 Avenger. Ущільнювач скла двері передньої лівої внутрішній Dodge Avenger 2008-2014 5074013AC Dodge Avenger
* * *
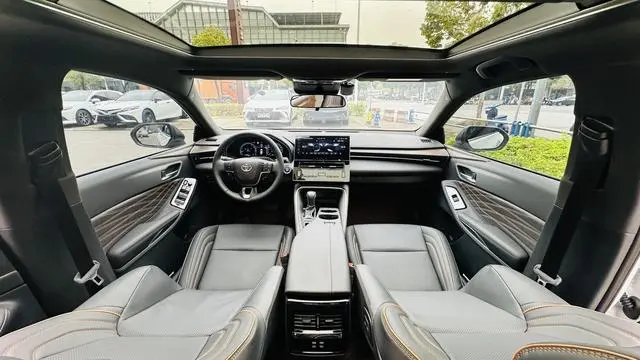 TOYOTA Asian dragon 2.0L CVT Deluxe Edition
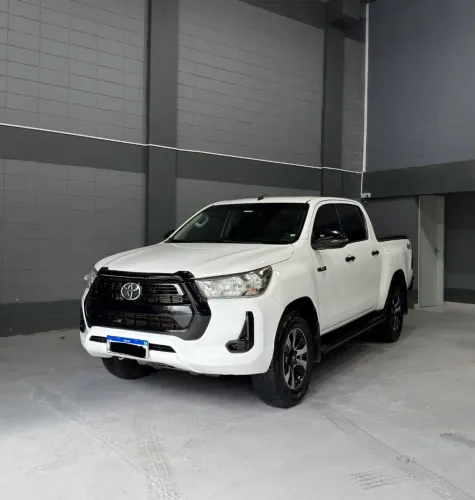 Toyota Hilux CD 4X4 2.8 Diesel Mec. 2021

## Brief
Starting at the line that contains "TOYOTA Asian dragon 2.0L CVT Deluxe Edition" and ending at the line that contains "Toyota Hilux CD 4X4 2.8 Diesel Mec. 2021", transcribe the material above exactly, excluding pictures.

## Solved exercise
 TOYOTA Asian dragon 2.0L CVT Deluxe Edition
 Toyota Hilux CD 4X4 2.8 Diesel Mec. 2021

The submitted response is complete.